Just to prove that it works perfectly lets use 600mm as the scale length (nut to bridge). The scale length can be as long or short as you care to make it. By using 600mm it will be easy to see that at the 12^{th} fret the distance should be half of the scale length (300mm), and at the 24^{th} fret a quarter (150mm) thus proving the formula.

Lets enter 0.943878 x 600

Now press = once

We get 566.3268

This is the distance from the bridge to the 1^{st} fret.

Press = once again and we get 534.5434

This is the distance from the bridge to the 2^{nd} fret.

Press = once again for the 3^{rd} fret and so on.

When you get to the 12^{th} fret it should read 300.01402 (octave).

Keep going to the second octave (24^{th} fret) and we get 150.01399 thus proving that the formula is accurate for our purposes. Only use 2 digits after the decimal point, ignore the rest that follow as they are too small to be relevant.

Now here’s an interesting thing I discovered quite by chance. I wanted to turn metal slugs on the lathe to the sizes of the spaces between the frets so that I could line them all up in a slot cut in a piece of flat board, and clamped to my pull-saw. Then cut each fret taking away one slug at a time until I had a perfectly cut fingerboard. The way to find these sizes leapt off the page at me – EUREKA!

Put in our formula again as before 0.943878 x 600.

Now press = 10 times and we get 336.75

Move the decimal point one place to the left and we get 33.67

This is the distance from the nut to the 1^{st} fret.

Press = once and we get 317.85

Move decimal point again (once to the left) and we get 31.78 which is the distance between 1^{st} and 2^{nd} frets.

Keep pressing = until all distances between frets are found.

You can use wooden dowel for the distance pieces. All you will need is a drop-saw, lots of dowel and lots of patience. It helps to use a digital vernier.

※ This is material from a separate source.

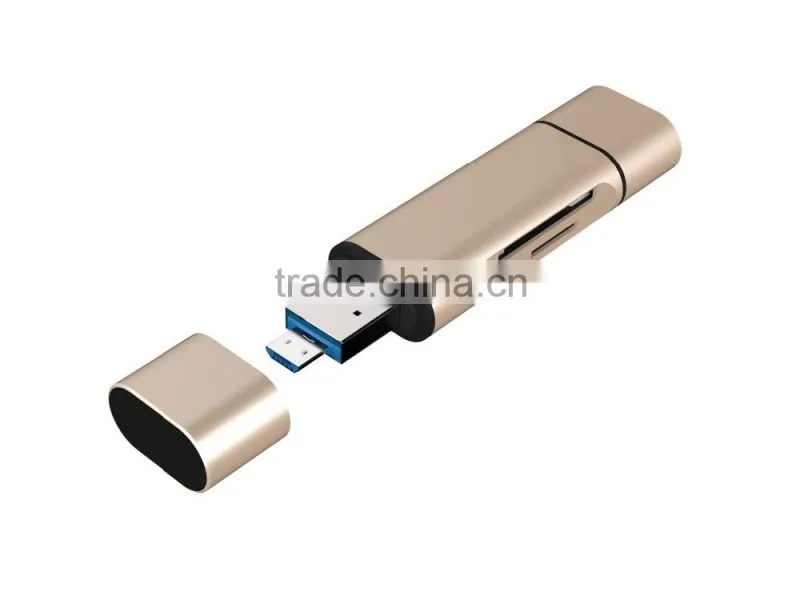 USB-C USB-A Micro USB 3 in 1 TF SD OTG Card Reader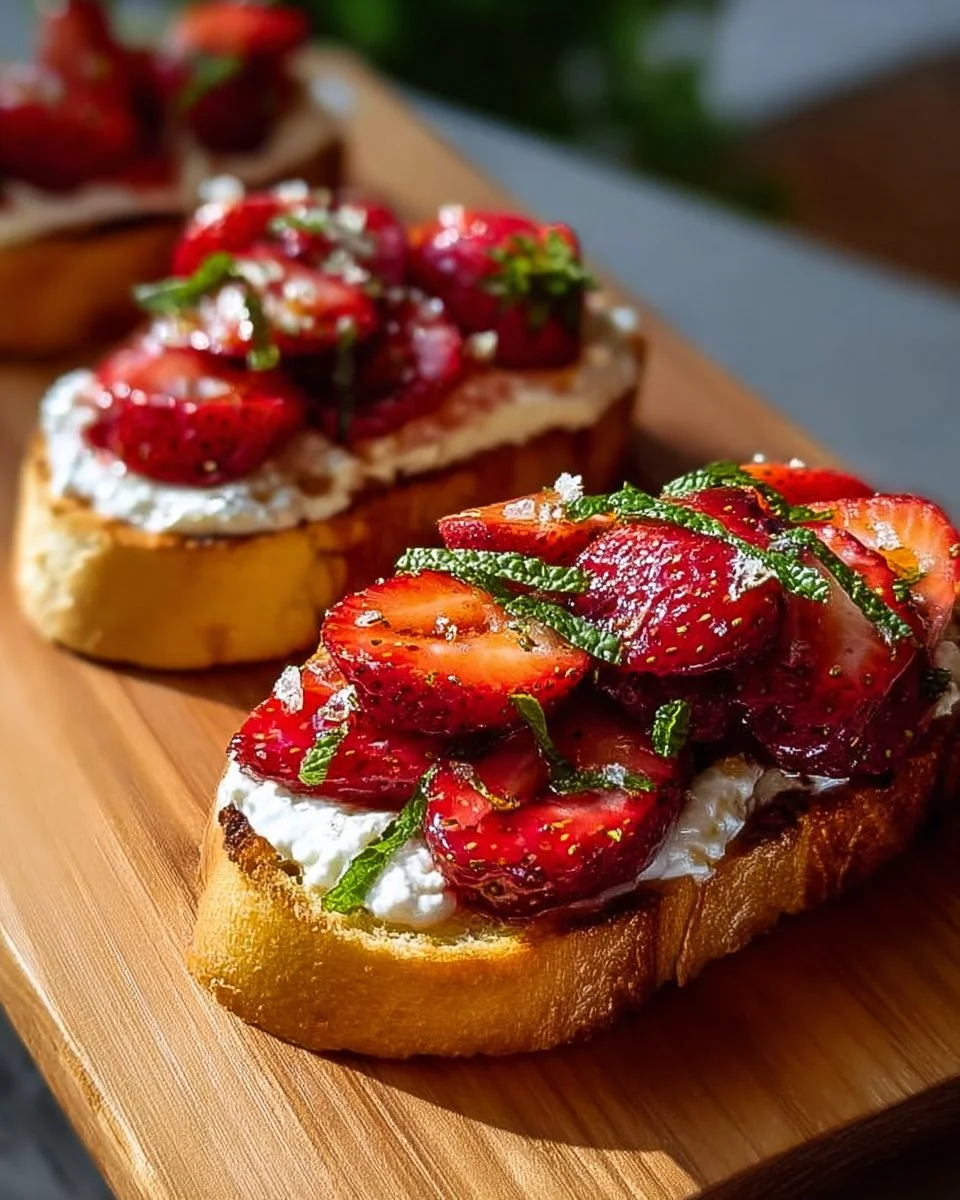 Roasted strawberry toast with whipped ricotta and fresh basil on a wooden board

I hope this is of use to you. Have fun! John Stax

P.S. Write down the formula in a few places that you can locate when needed. JS.

## Replies

Great man, very nice of you to share, always handy to have as it is only one number to have to do the job.

Cheers Ron.

Borders has them, but you need to hurry, they are going out of business.

john stax said:

endof the scale length, which, of couse, makes no difference whatsoever. Somehow, though, calculating your own fret positions seems more satisfying for us DIYers. Thanks, John! I will put this formula in my Big Book of Knowledge!